Dieci anni dopo Oesterheld inizia una seconda versione de L’Eternauta, per i disegni di Alberto Breccia e con contenuti molto più politici e di denuncia – tanto che la rivista Gente, su cui viene pubblicato, lo censura – ma che non incontra i favori dei lettori e si interrompe quasi subito.

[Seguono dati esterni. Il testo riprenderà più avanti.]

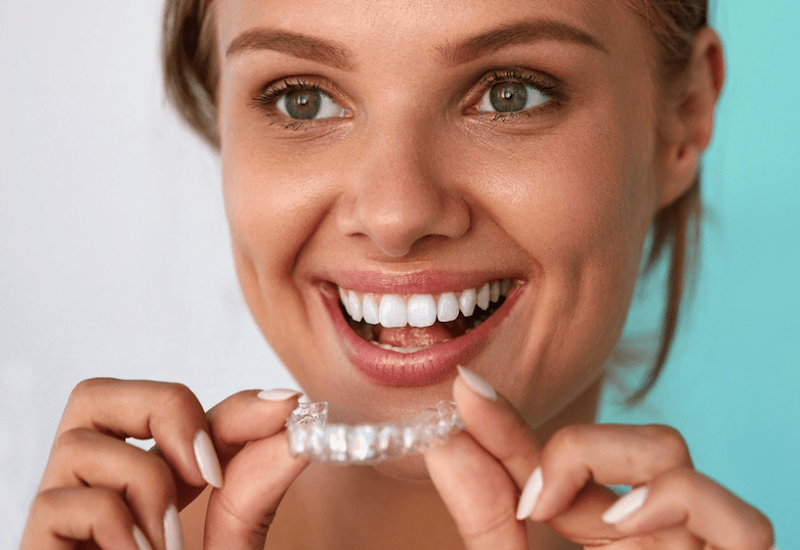 Niềng răng trong suốt đem lại hiệu quả chỉnh nha tương đương như phương pháp khác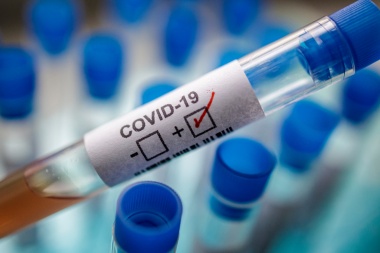 CORONAVIRUS: Se registraron 2 nuevos casos en Ushuaia y la provincia llega a 83 casos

Nel dicembre del 1976 appare sulla rivista Libro de oro Skorpio “El Eternauta II”, l’ultima versione del personaggio scritta da Oesterheld – sempre disegnata da Solano López – che riprende la narrazione dal punto in cui finisce El Eternauta (I). Oesterheld stesso diventa protagonista della storia – compagno di lotta dell’Eternauta contro gli invasori – mentre nella vita reale è costretto alla clandestinità dopo che due delle sue quattro figlie sono scomparse. Di li a poco toccherà anche a lui e, l’anno successivo, alle altre due figlie.

 

L’Eternauta I è stato pubblicato in Italia a partire dal 1977 sulla rivista Lanciostory e poi più volte raccolto in volumi, prima dalla Comic Art, poi dalla Eura e infine dalla 001 Edizioni. Idem per L’Eternauta II, rinominato “L’Eternauta, Il ritorno” nell’ultima pubblicazione di 001. Il personaggio ha dato anche il nome ad una delle più belle riviste di fumetto d’autore pubblicata in Italia, “L’Eternauta”, che dal 1982 al 1995 ha pubblicato grandi fumetti di linea latina (argentini, italiani, francesi, spagnoli). Su questa rivista, a partire dal primo numero, viene pubblicato a puntate “L’Eternauta III”, scritto da Alberto Ongaro e disegnato da Solano López, riprendendo la storia dalla fine de L’Eternauta II, ma il cui risultato è lontano da quello dei primi due capitoli, nonostante il valore degli autori. In seguito sono uscite altre avventure dedicate al personaggio, in parte inedite in Italia, che tuttavia sono ritenute poco rappresentative dello spirito del personaggio.

 

Dopo questi tentativi poco riusciti, Francisco Solano López, insieme allo sceneggiatore Pablo Maiztegui, decide di riprendere il personaggio ripartendo dalla prima avventura. Nasce così “El Eternauta, el regreso”, 18 fascicoli pubblicati dal 2003 al 2011, recentemente raccolti nei 5 volumi pubblicati dalla 001 Edizioni. A questi volumi ha partecipato attivamente l’Università degli Studi di Napoli ‘L’Orientale’ con il progetto del corso di Traduzioni per usi speciali in lingua spagnola tenuto dalla professoressa Paola Laura Gorla e di cui è responsabile Antonella Di Nobile (dottoranda con tesi su fumetto argentino e dittatura). Lo scorso anno Antonella e gli altri studenti del progetto hanno tradotto i volumi “Martita”, “Ushuaia”, “Vicente López” e “La ricerca di Elena”, i primi 4 de “El Eternauta, el regreso”. Il 5° “La fine del Mondo” è stato tradotto da Giliola Viglietti. Nei 5 capitoli de “Il ritorno dell’Eternauta” la metafora è quella dell’Argentina post dittatura in cui vediamo agire molti dei protagonisti della prima storia, come la figlia Martita, la moglie Elena e l’amico Favalli, oltre allo stesso Juan Salvo.

 

Nonostante l’importanza de L’Eternauta, per anni non è stato così facile procurarsi i volumi che lo riguardano, reperibile per lo più nel mercato del collezionismo.

Negli ultimi anni è stata proprio la 001 Edizioni di Torino a riproporlo con nuove traduzioni e una veste degna del personaggio. Sono reperibili il volume “L’Eternauta” (ristampato per il Salone del Libro di Torino in una bellissima edizione a 24 €) e i 5 volumi de “L’Ultimo Eternauta”, mentre è esaurito il volume “L’Eternauta. Il Ritorno”. Questo si può ricercare nell’edizione in 3 volumi (è il terzo) pubblicati nel 1993 dall’Eura Editoriale come “L’Eternauta, Il Vagabondo dell’infinito” , mentre è molto più difficile e costosa l’edizione della Comic Art degli anni ’80. L’Eternauta I è apparso anche in uno dei volumi de “I grandi classici del fumetto mondiale” di Repubblica.